浅田氏は「Salesforceの成長の方法論は、先進的で科学的だった」と述べている。「グローバルで成長している会社のメソッドを投資先に注入してきて、実際に急成長したファクトがあった。Sansanやfreee、ヤプリ、TeachmeBizなど、投資してから5年で売上高が20〜30倍に伸びている」(浅田氏)

浅田慎二氏

Salesforceでは、CVCを運用する他の事業会社からも「参考にして運用したい」との相談もあったという浅田氏は「グローバルでCVCを10数年運用してきたSalesforceは、サステナブルな方法論でやっている。つまり打ち上げ花火を1発上げて終わりというのではなく、会社の従業員、役員、顧客のすべてに沿う方法論を採っている。こういうやり方は、時価総額100兆円といった信じられない数字を持つ、欧米の企業からまだ日本企業が学べることがあるのではないかと考えた」と話している。

「日本からグローバル企業が出ない理由には諸説あるが、僕は“メソッド不足”だからだと考えている。スタートアップも大きな事業会社もそうだが、欧米の先進的なIT会社が伸びている理由をかみ砕く形で、出資者にも伝えるし、スタートアップにも伝えたい。成長メソッドをスタートアップにも大企業にも提供するような、新しいVCを立ち上げたいと思ったのが、今回の創業の背景だ」(浅田氏)

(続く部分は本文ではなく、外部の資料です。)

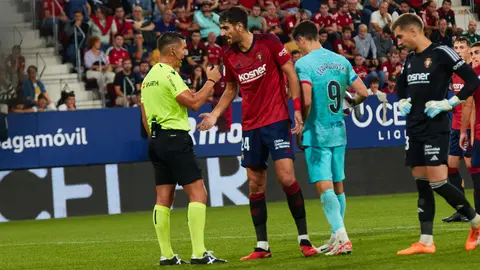 Miguel Angel Ortiz Arias (árbitro del partido), Alejandro Catena (24. CA Osasuna), Robert Lewandowski (9. FC Barcelona) y Aitor Fernández (13. CA Osasuna) durante el partido de La Liga EA Sports entre CA Osasuna y FC Barcelona disputado en el estadio de El Sadar en Pamplona. IÑIGO ALZUGARAY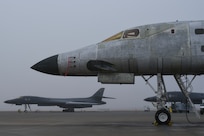 Three Boeing B-1B Lancer aircraft undergoing maintenance, repair and overhaul at the Oklahoma City Air Logistics Complex, are shown in foggy conditions during the morning of Feb. 14, 2018, Tinker Air Force Base, Oklahoma. OC-ALC is a subordinate unit of the Air Force Sustainment Center and is the complex responsible for bomber, tanker and jet engine maintenance. (U.S. Air Force photo/Greg L. Davis)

スタートアップと事業会社との関わりといえば、6月30日、公正取引委員会が「スタートアップの取引慣行に関する実態調査」として、スタートアップを対象としたアンケート結果等、中間報告を発表している。この報告によれば、スタートアップの約15%が他社から納得できない行為を受けた経験があると回答している。

スタートアップと事業会社、CVCとの関係について浅田氏は「CVCの5年間では、なぜ投資するのかを大切にしていた」と述べ、「Salesforceでは、既存顧客に役に立つ追加機能を持つ会社を発掘して、業務提携し、投資していた。自社ではグローバルで追加できないが必要な機能がSansanの名刺管理やfreeeのクラウドにはあった。自分たちでは作らないが、必要な企業を探すのが僕の役割だった」と振り返る。

「パクりなどの問題が発生する根本的な問題は、事業会社側がなぜ投資しているのか、誰のためにやっているのかの定義が顧客を向いていないから。自社のターゲット顧客のためのベンチャー投資という位置付けにするのが、長期的にCVCが日本に根付いて反映する、絶対的な法則だと思っている」(浅田氏)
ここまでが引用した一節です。